Anyone watching the new show on NatGeo Wild , Jobs That Bite ?
Looks like a good show , but there is no replacement for Mike Rowe !
I miss him lots


----------



## awshucksgoatfarmvt

Gave up watching tv last year.................never realized there are so many other things for me to do.............don't wish to get fat again!!!! Since then have lost 60 lb ..........hop replacement did help too
Feel better, walk more for an ole ladly


----------



## Trickyroo

Hats off to ya  I can either watch AM news or late PM reruns , lol
But I am getting in early to see this show


----------



## TGSAdmin

I'll check it out. I loved Dirty Jobs. I think making those jobs more accessible is key to keeping people in them.


----------



## nchen7

I LOVED dirty jobs! so much so my bf thought I had a crush on Mike Rowe (not really, but he was a very funny guy).
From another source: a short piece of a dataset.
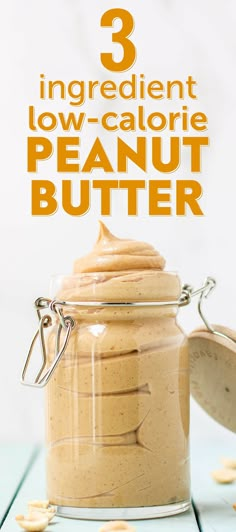 three ingredient low - calorie peanut butter in a jar with the words 3 ingredients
we don't have cable.....so, I probably wont' be watching it.


----------



## Scottyhorse

We watch it. No replacement for Dirty Jobs and Mike Rowe, but still a good show


----------



## Chopsgoats

No replacement for mike Rowe but I was flicking around and saw the new guy trying to catch fainting goats so he can trim hooves. Really funny to watch. Kinda lucky they were fainting goats because a couple of mine he'd have no chance of catching


----------